# Shaun's Vape Mail



## Shaun (16/5/14)

Woop Woop! Look what just arrived!!

Been going nuts on this thing, think i almost gone and given my self a silver lol



??

Reactions: Like 4 | Winner 4


----------



## Metal Liz (16/5/14)

that's some great vape mail you got there!!! wow!!! enjoy  careful of dem silvas

Reactions: Like 2


----------



## Riaz (16/5/14)

great vape mail buddy!!!

enjoy

Reactions: Like 1


----------



## BhavZ (16/5/14)

Congrats buddy, that is some awesome vape mail you got there!

Reactions: Like 1


----------



## Shaun (16/5/14)

Thanks guys! expect some reviews soon!

Reactions: Like 1


----------



## Andre (16/5/14)

Great setup. Enjoy.


----------



## Ollypop (16/5/14)

So jealous! Looks awesome! I want my vape mail to come already! 

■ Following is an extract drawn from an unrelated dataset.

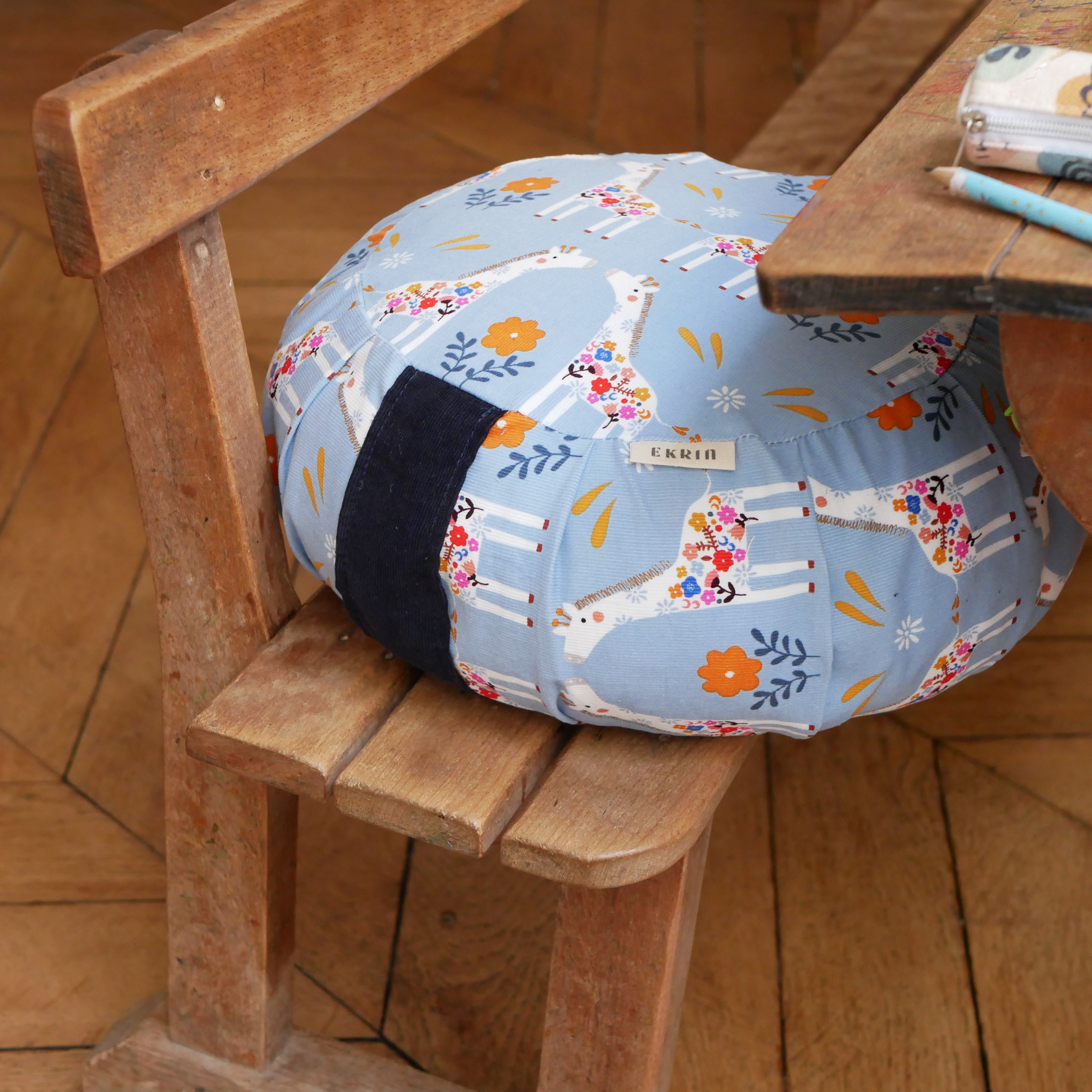 Mini zafu coussin de méditation enfant motifs girafes avec poignée confectionné en France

Sent from my Xperia ZL using Tapatalk

Reactions: Like 1


----------



## Shaun (16/5/14)

Ollypop said:


> So jealous! Looks awesome! I want my vape mail to come already!
> 
> Sent from my Xperia ZL using Tapatalk



In due time @Ollypop the wait is worthwhile, im loving it! only been a couple of hours and im almost through one tank already! need to slow down haha

Reactions: Like 1


----------



## PeterHarris (16/5/14)

well done the mPT3 is a little monster

Reactions: Agree 3


----------



## ET (16/5/14)

gratz dude, that mpt3 looks awesome

Reactions: Like 1


----------



## PuffingCrow (16/5/14)

@Shaun congrats man welcome to the world of vaping have fun with your new toys


----------



## Silverbear (16/5/14)

Congrats @Shaun , awesome kit you got there, enjoy. And the journey begins.

Reactions: Like 1


----------



## Shaun (29/5/14)

Vape mail no. 2! 
Not much, but something is better than nothing! 




Sent from my GT-I8190 using Tapatalk 2

Reactions: Like 7


----------